Examples: GitHub Copilot, Cursor, Amazon CodeWhisperer, Tabnine.
Strengths:
Faster development cycles
Reduced manual typing and boilerplate
Better, context-aware code suggestions
Limitations:
Stop before deployment
Don't configure or provision backend systems
Don't manage infrastructure, databases, or auth
Type 2: Tools That Help You Build and Ship Products
This category goes beyond writing code into execution — provisioning a backend, setting up a database, configuring authentication, and deploying your app to production.
Examples: Mayson.dev, Supabase (partial), Railway (partial).
Strengths:
End-to-end flow from idea to live, deployed system
Minimal manual infrastructure work
Faster product iteration on a real, running backend
Limitations:
Fewer tools exist in this space
Requires understanding your product's data model upfront
How to Choose the Right AI Coding Tool
Now that you understand the two categories, here's how to evaluate any tool in this AI Coding Tools Comparison. Move past the feature marketing and ask one core question:
Does this tool only help me write code, or does it help me actually ship a product?
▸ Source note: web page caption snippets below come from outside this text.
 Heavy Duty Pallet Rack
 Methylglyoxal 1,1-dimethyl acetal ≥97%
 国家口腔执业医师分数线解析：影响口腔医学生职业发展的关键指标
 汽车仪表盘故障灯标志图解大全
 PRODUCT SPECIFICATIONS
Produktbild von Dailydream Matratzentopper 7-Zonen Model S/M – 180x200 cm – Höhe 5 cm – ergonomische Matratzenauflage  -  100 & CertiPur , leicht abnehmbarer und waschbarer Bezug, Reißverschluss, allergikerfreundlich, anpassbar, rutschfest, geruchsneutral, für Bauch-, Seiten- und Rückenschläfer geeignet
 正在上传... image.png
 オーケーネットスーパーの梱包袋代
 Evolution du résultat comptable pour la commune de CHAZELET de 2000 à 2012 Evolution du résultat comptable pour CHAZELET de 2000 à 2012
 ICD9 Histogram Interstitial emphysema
Then evaluate it across five dimensions:
Code Generation vs. System Generation: Can the tool just produce files? Or can it produce a fully deployable backend system?
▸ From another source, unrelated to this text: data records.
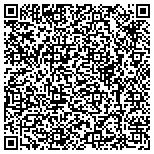QR code with National Association Of Retired Sears Employees contacts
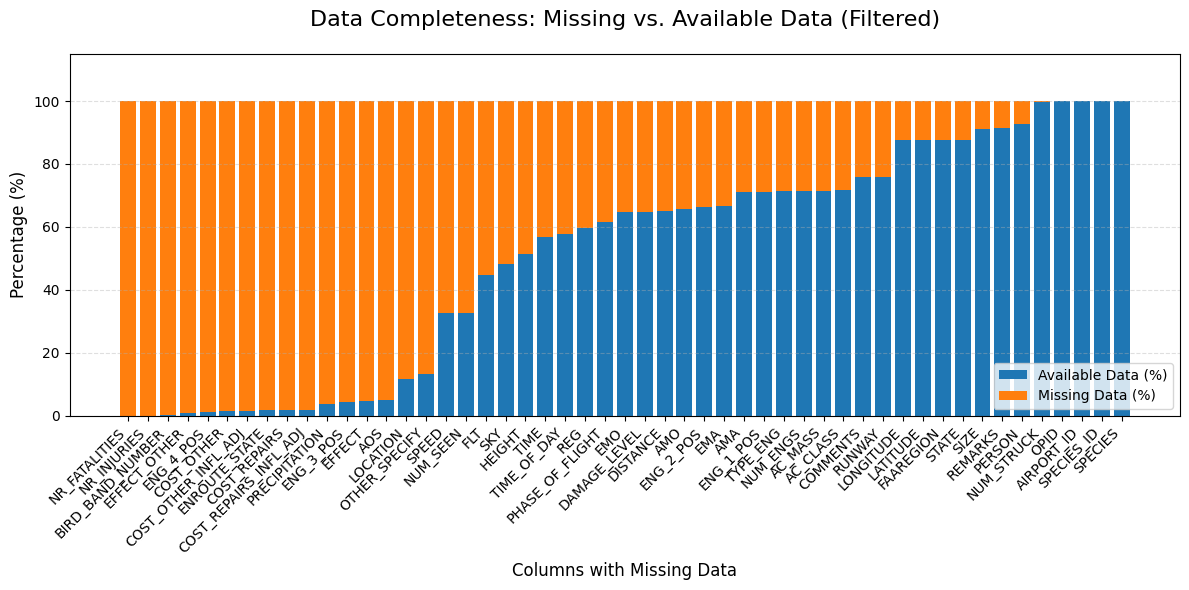 Overview of columns with missing values in the FAA dataset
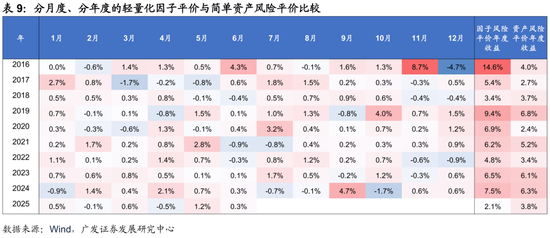 广发证券：用宏观因子穿透资产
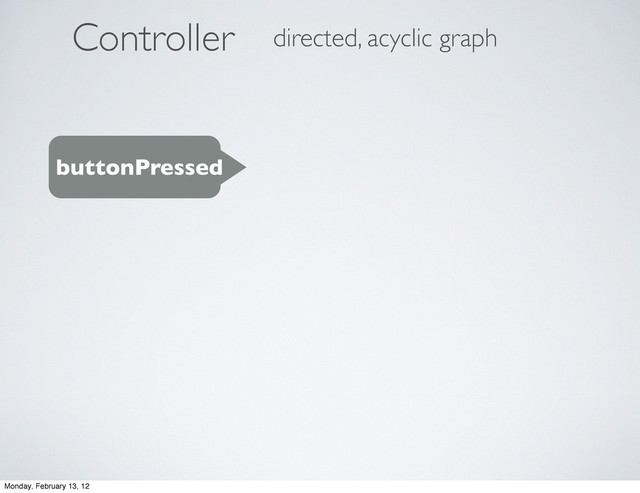 ontroller
C directed, acyclic graph
buttonPressed
Monday, February 13, 12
Infrastructure Automation: Does it configure cloud infrastructure, hosting, and environments for you, or does it leave that entirely to you?
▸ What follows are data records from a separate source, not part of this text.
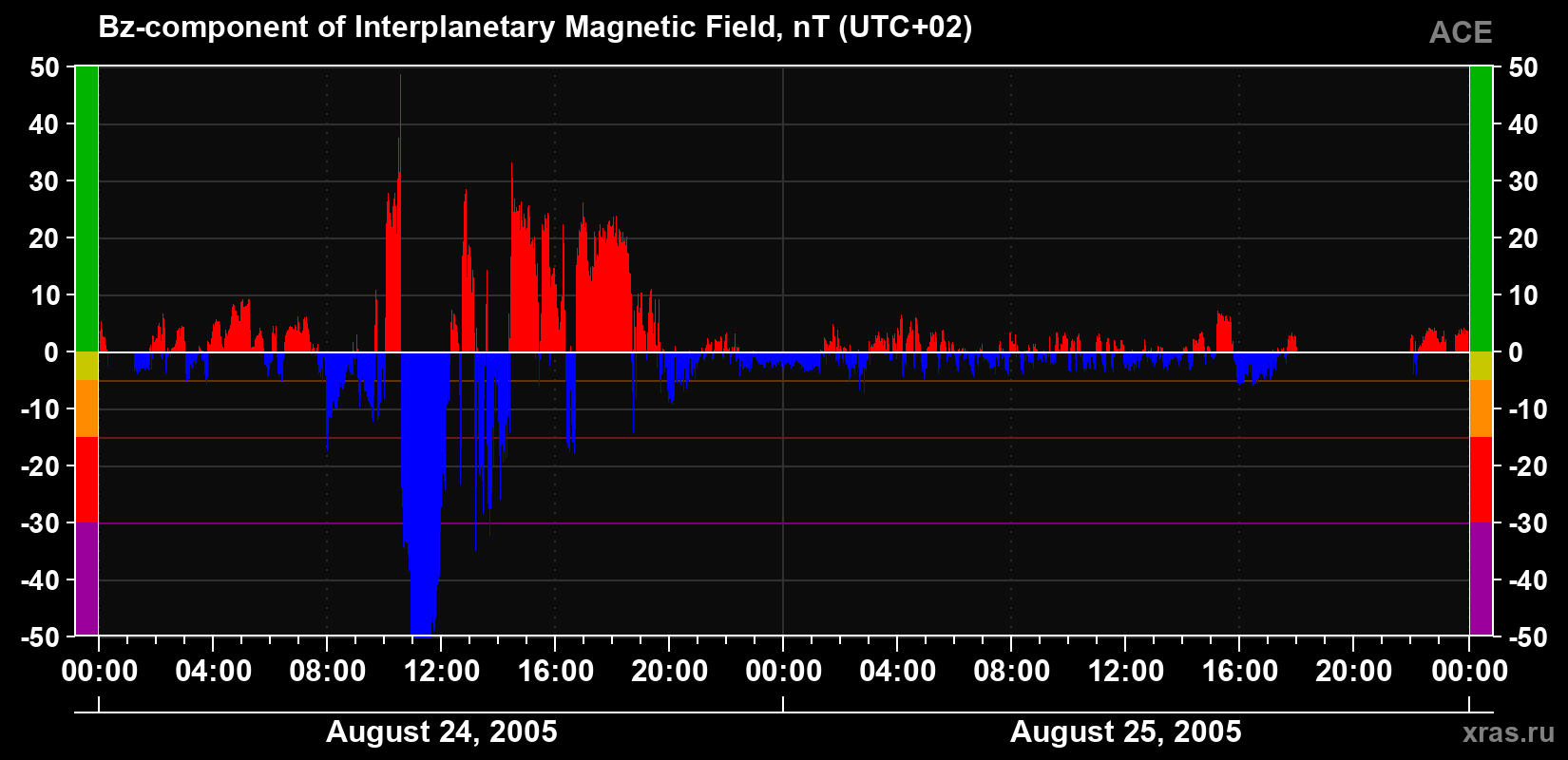 The Bz component of the solar wind magnetic field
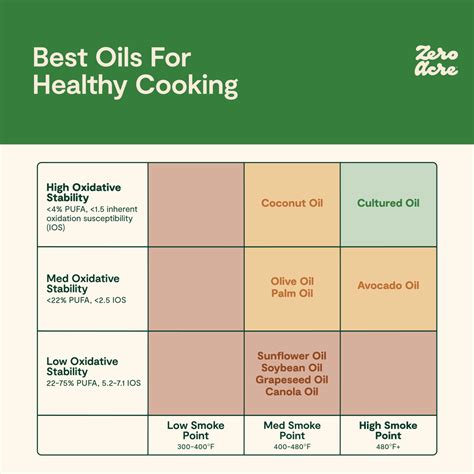 Best Oils For Frying Pros Cons Which To Avoid Zero Acre Farms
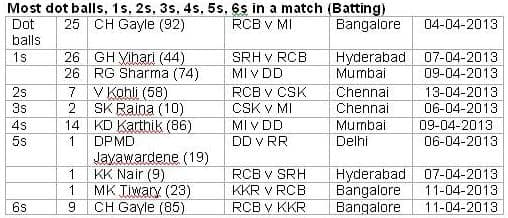 ipl-stats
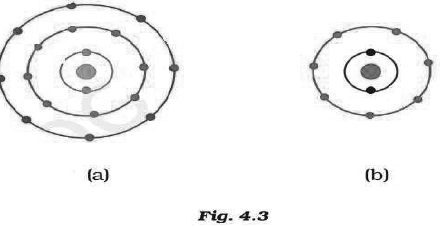 CBSE-Class-9-Chemistry-Structure-Of-Atom-Worksheet-Set-C-4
Database Handling: Can it provision a real database with proper schemas, indexes, and migrations — or does it just generate schema code you still have to wire up yourself?
Authentication and Security: Is authentication fully implemented with roles and secure flows, or just scaffolded as placeholder logic?
Deployment Support: Does the tool actually deploy your app, or hand you a pile of code and leave you to figure out the pipeline?
Here's how the major tools stack up across these five dimensions:
Tool | Code Gen | Infra Auto | Database | Auth | Deployment |
|---|---|---|---|---|---|
GitHub Copilot | ✔ Full | ✘ | ✘ | ✘ | ✘ |
Cursor | ✔ Full | ✘ | ✘ | ✘ | ✘ |
Supabase | ✘ | ✔ Partial | ✔ Full | ✔ Partial | ✔ Partial |
Railway | ✘ | ✔ Partial | ✔ Partial | ✘ | ✔ Full |
Mayson.dev | ✔ Full | ✔ Full | ✔ Full | ✔ Full | ✔ Full |
The table makes the gap visible: most tools excel at code generation but hand you the execution problem. Only a full-stack execution platform handles all five.
Where Mayson.dev Fits In
This is where Mayson.dev stands out from every tool in the first category.
Instead of generating source code files you still need to deploy, Mayson.dev turns your idea directly into a running backend that's ready to ship. It's not a code assistant — it's a backend automation tool that handles the entire execution layer for you.
With Mayson.dev, you can:
Provision a working backend instantly — live in minutes, not days
Generate structured APIs with real, callable endpoints
Configure production-ready databases with defined schemas and migrations
Implement secure authentication and role-based access control
Deploy your system with minimal manual steps
Export your backend code with no vendor lock-in
Instead of this:
AI-generated code → stuck on local machine → manual backend setup → weeks pass
You get this:
Idea described → backend generated → deployed → ready to use
That's the difference between a prototype and a product.
Conclusion
The gap between writing code and shipping a product is real — and most AI coding tools weren't built to close it.
Code generators like GitHub Copilot and Cursor are powerful for accelerating development. But they hand you files, not a live system. The moment you need a real database, a deployed API, secure auth, and a production environment, you're on your own.
A complete AI Coding Tools Comparison has to evaluate whether a tool helps you reach product delivery, not just generate faster. That means backend provisioning, deployment, security, and real execution all need to be on the checklist.
Mayson.dev is built for that second category. It closes the execution gap by taking your idea and turning it into a deployed, production-ready backend — without the infrastructure overhead.